Deontic stance
Encyclopedia of Terminology for CA and IL: Deontic stance | |
---|---|
Author(s): | Melisa Stevanovic (Tampere University, Finland) (https://orcid.org/0000-0002-0429-1672) |
To cite: | Stevanovic, Melisa. (2023). Deontic stance. In Alexandra Gubina, Elliott M. Hoey & Chase Wesley Raymond (Eds.), Encyclopedia of Terminology for Conversation Analysis and Interactional Linguistics. International Society for Conversation Analysis (ISCA). DOI: [] |
Deontic stance refers to a participant’s publicly displayed and claimed strength of deontic rights relative to their co-participant(s) in a certain domain of action (Stevanovic 2018). While the term “stance” signifies a positioning that is achieved through overt communicative means (i.e., language, gesture, and other symbolic forms of conduct) and thus made publicly accessible to others (Du Bois 2007: 169), deontic stance is a more specific term, signifying a positioning with respect to the right to determine what is obligatory, permissible, or forbidden (Shoaps 2004, 2017).

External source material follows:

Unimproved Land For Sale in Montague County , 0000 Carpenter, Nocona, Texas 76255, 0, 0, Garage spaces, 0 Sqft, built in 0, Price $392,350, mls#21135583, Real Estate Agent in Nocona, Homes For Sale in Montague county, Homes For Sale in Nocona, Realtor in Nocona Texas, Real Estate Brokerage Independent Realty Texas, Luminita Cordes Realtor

Being focused on the rights of the participants as displayed in their overt behavior, deontic stance overlaps with the notion of entitlement (Curl & Drew 2008; Heinemann 2006). Moreover, as speakers commonly want to downgrade their overt claims of deontic rights by designing their actions is specific ways (e.g., Ong, et al. 2020), the notion of deontic stance is also related to the pragmatic notion of mitigation (Caffi 1999; 2007; Clark 1979; Flores 2020; Fraser 1980) and the politeness theoretical idea of people generally avoiding imposition (Brown 2020; Brown & Levinson 1978 [1987]; Lakoff 1973; Watts 2003).

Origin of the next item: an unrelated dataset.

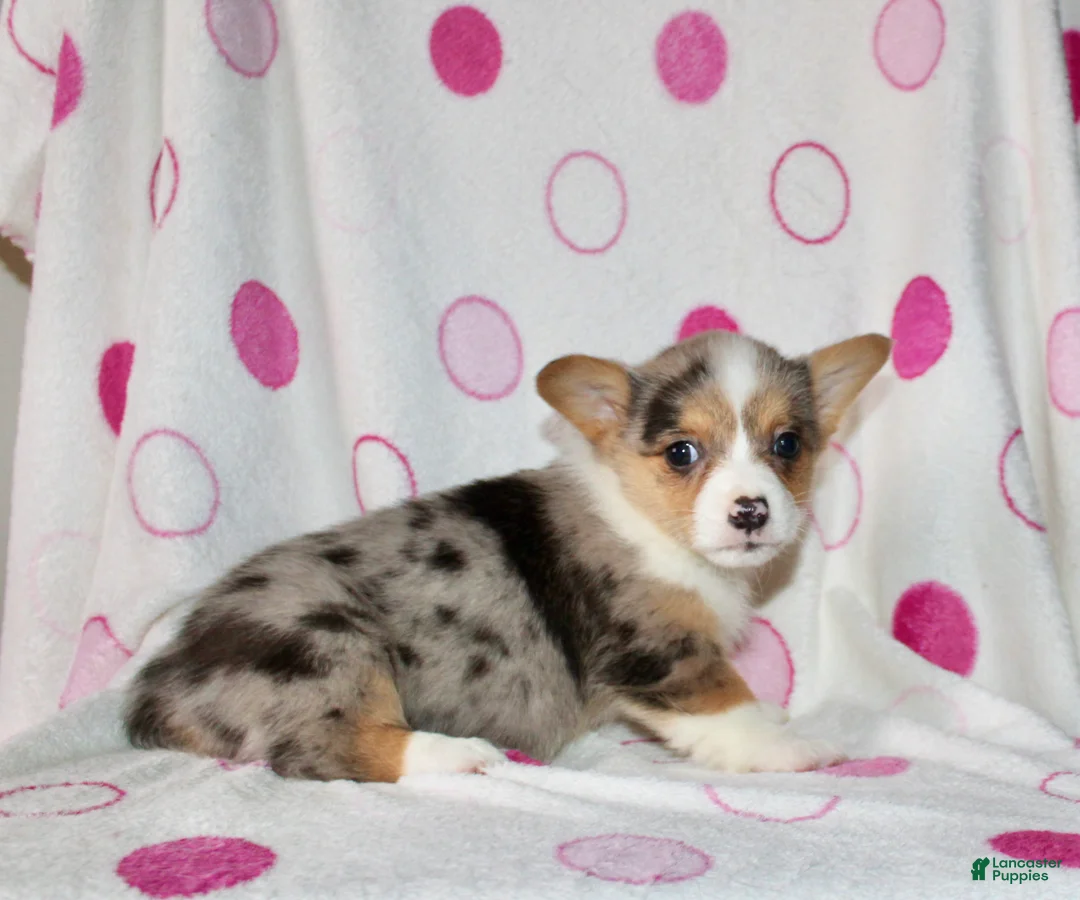 Welsh Corgi Pembroke dogs for sale: Kayla - Ad 2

In linguistics, deontic stance-taking has been connected with the linguistic expressions of necessity, obligation, and desirability in terms of deontic modality (Palmer 2001; Shoaps 2017). Deontic stance may thus be taken by using various modal expressions, such as the imperative mood, modal verbs and auxiliaries, or modal adverbs and adjectives (Svennevig 2021). Other specific linguistic resources serving the management of deontic stance-taking include non-anaphoric reference forms (Raymond, et al. 2021), prefatory address terms (Clayman 2013), and turn-initial particles look and listen (Sidnell 2007). This area of work applies deontics to sequence organization—to investigate the practices of negotiating proximal deontic rights to (re)direct sequences of action.
Strong deontic stance-taking may be frequently observed in signs regulating behavior in public, as exemplified by Figure 1, drawn from the study by Svennevig (2021):
Figure 1 (from Svennevig 2021: 168): Superintending Archeologist Archeological Survey of India
In the sign in Figure 1, we find an example of a strong deontic stance with an imperative (‘do not make the monument dirty’), and an adverbial phrase (‘strictly prohibited’), which in this case involves a claim of the right to define what is forbidden (or what are those rules that a visitor is obliged to comply with).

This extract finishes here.